8. The wall system of claim 7 further comprising a plurality of channel transitions between the longitudinal channel and the lateral channels, a plurality of proximal sidewall transitions between the respective sidewall proximal ends of each sidewall and the front face of the panel, a plurality of distal sidewall transitions between the respective distal ends of each sidewall and the corresponding longitudinal trough and the corresponding lateral trough, a plurality of step transitions between the first step and the corresponding opposing sidewalls, and wherein each of the channel transitions, the proximal sidewall transitions, the distal sidewall transitions, the step transitions comprise a curved section devoid of a sharp corner.

9. The wall system of claim 8, wherein the opposing sidewalls are comprised of opposing longitudinal sidewalls and opposing lateral sidewalls, wherein the plurality of channel transitions further comprises a group of proximal transitions and least one of a group of distal transitions and a group of middle transitions, wherein the group of proximal transitions intersect a proximal longitudinal plane between the front face and the back face of the panel that is more proximate to the front face of the panel, wherein the group of distal transitions intersect a distal longitudinal plane between the front face and the back face of the panel that is more proximate to the back face of the panel, wherein the group of middle transitions intersects a middle longitudinal plane between the proximal longitudinal plane and the distal longitudinal plane, wherein the curved sections of the group of proximal transitions, the group of distal transitions and the group of middle transitions each comprise a radius curvature, wherein the radius of curvature of the group of distal transitions is greater than the radius of curvatures of the group of middle transitions and the radius of curvatures of group proximal transitions, and wherein the radius of curvatures of the middle transitions is equal or less than the radius of curvatures of the group of distal transitions and greater than the radius of curvatures of the group of proximal transitions.

10. The wall system of claim 7, further comprising a second step recessed a second step depth from the front face within at least one of the opposing sidewalls, wherein the second step is positioned at a location between the first step and one of the corresponding longitudinal trough and the corresponding lateral troughs, and wherein each of the first step and the second step further comprise an inner edge and an outer edge radially spaced a step width.
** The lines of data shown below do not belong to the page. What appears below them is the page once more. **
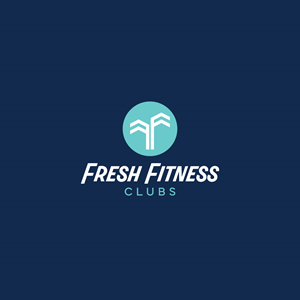 Logo Design by JohnnyCactus for this project | Design: #32199708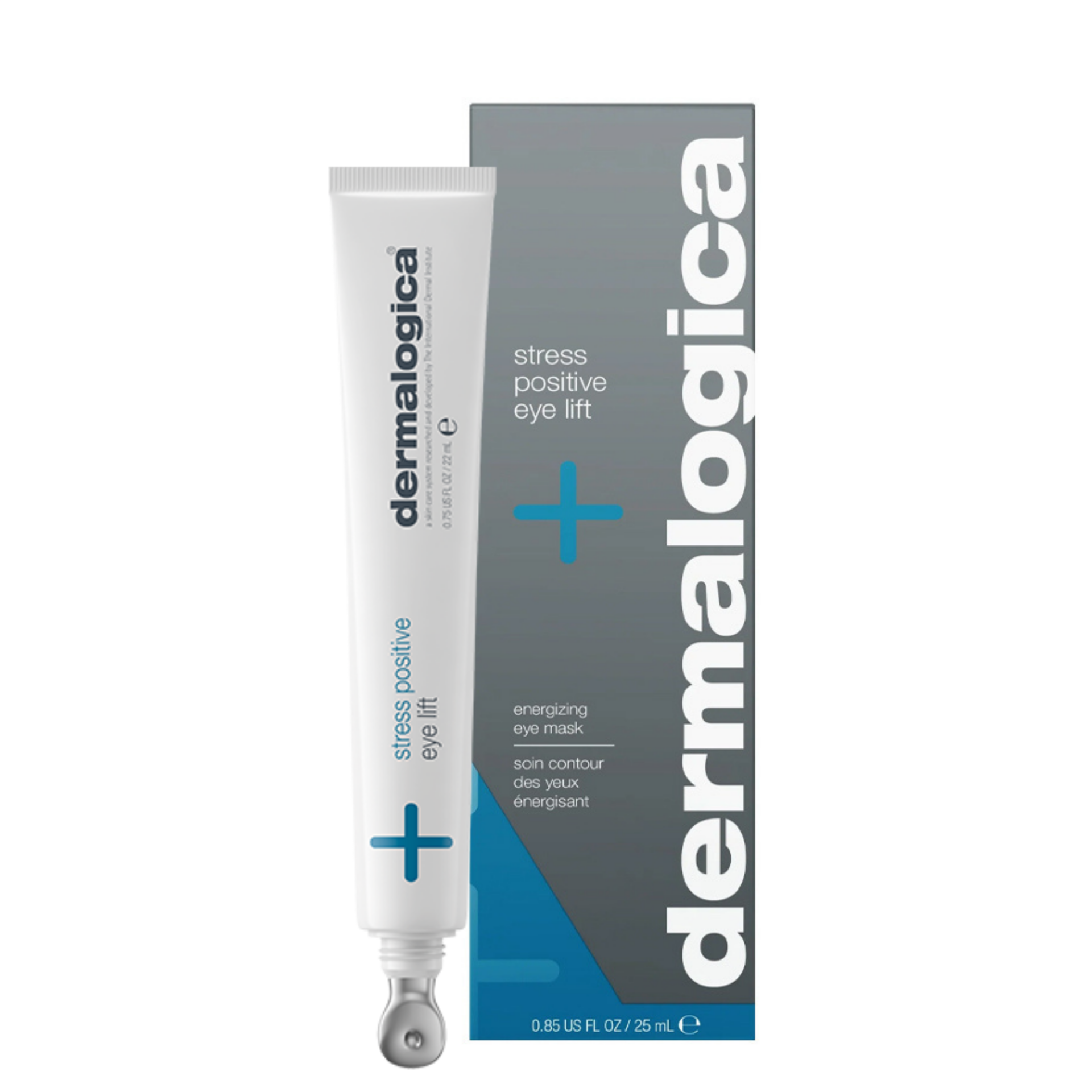 Dermalogica Stress Positive Eye Lift 25 ml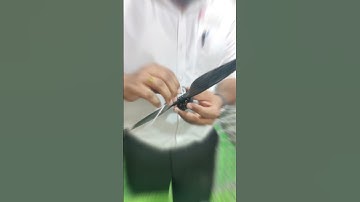 EXCLUSIVE: Behind the Scenes of Our Epic Drone Motor Test. #dronemotor #testingvideo #drones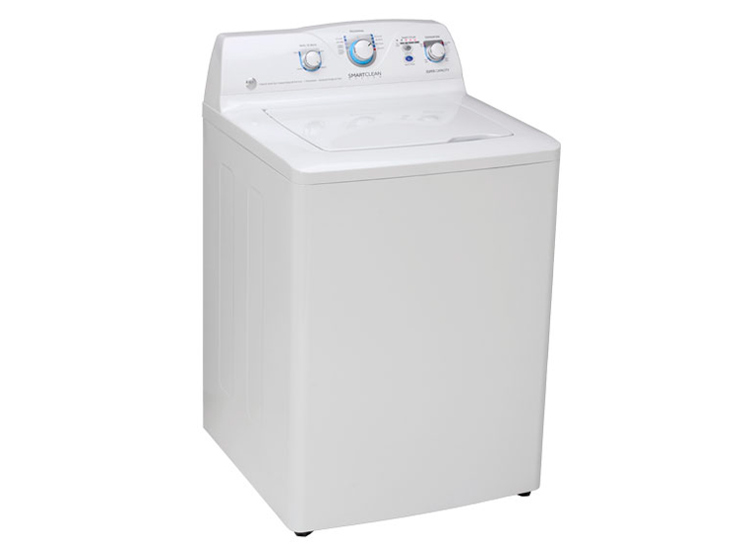 lavadora general electric wga13305pbbx0 13 kg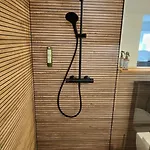 Apartmán Casa Suvita - Alpine Luxury By Interhome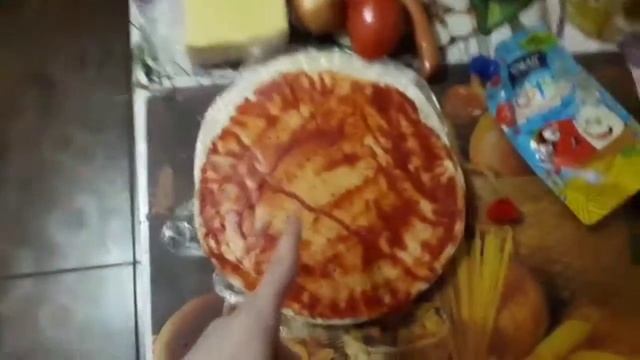 Умная техника: удобства для дома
11. The wall system of claim 10, wherein each of the sidewalls further comprises a first section between the sidewall proximal end and the first step and a second section between the first step and the sidewall distal end, wherein the first step depth is less than five times a material thickness of the panel, wherein the first section spans the first step depth, wherein the second section spans the second step depth, and wherein the second step is positioned within the second section.

12. The wall system of claim 7 further comprising an indent within at least one of the opposing sidewalls, wherein the indent comprises a indent face recessed an indent distance from the sidewall proximal end and a pair of opposing indent sidewalls spanning the indent distance between the sidewall proximal end and the indent face, wherein the opposing indent sidewalls are spaced by an indent width, wherein the indent face spans the indent width, wherein each of the indent sidewalls and the indent face further comprise an indent top edge and an indent bottom edge spaced by an indent depth, and wherein the indent depth is no greater than the corresponding longitudinal channel depth and the corresponding lateral channel depth.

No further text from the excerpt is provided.